__RECORDED INFORMATION__:
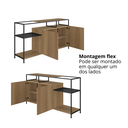 Ver imagem 5 de Buffet Aparador Bar Industrial Retrô 2 Portas 2 Nichos Madeira/Aço 135cm York Bege/Hanover/Preto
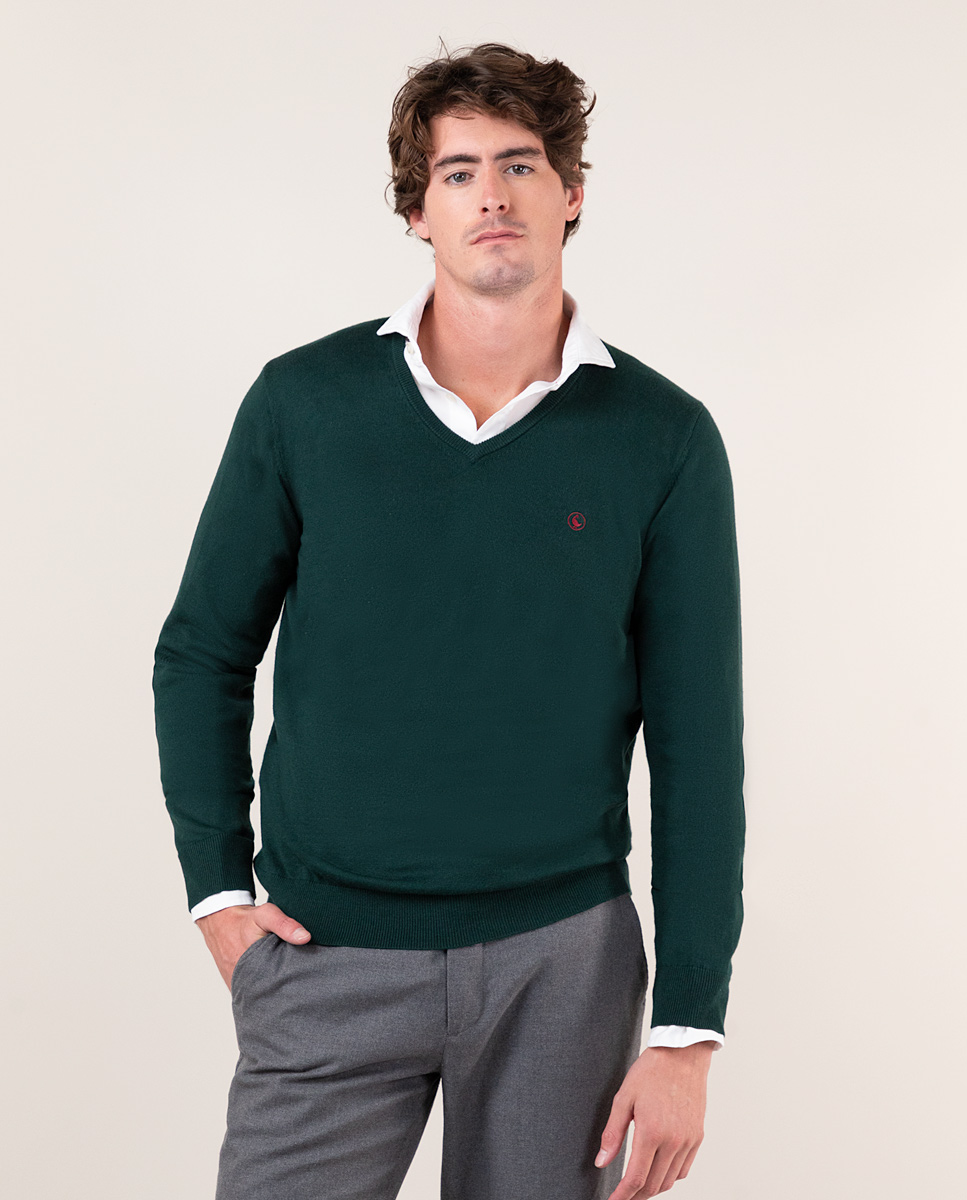 Green V-Neck Jumper W Elbow Patches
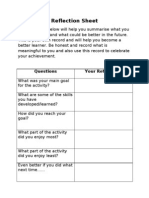 Reflection Sheet: Questions Your Reflections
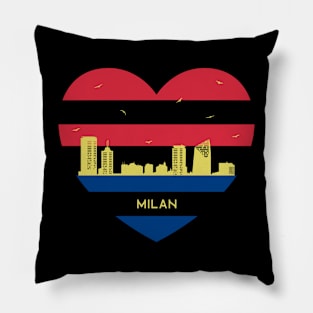 Italy City Skyline cityscape Heart Shape Birds Flying Milan Pillow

__WHAT YOU SHOULD DO__: Pictures are to be excluded; all other material must be transcribed exactly.

__SOLVED EXERCISE__:
 Ver imagem 5 de Buffet Aparador Bar Industrial Retrô 2 Portas 2 Nichos Madeira/Aço 135cm York Bege/Hanover/Preto
 Green V-Neck Jumper W Elbow Patches
 Reflection Sheet: Questions Your Reflections
 Italy City Skyline cityscape Heart Shape Birds Flying Milan Pillow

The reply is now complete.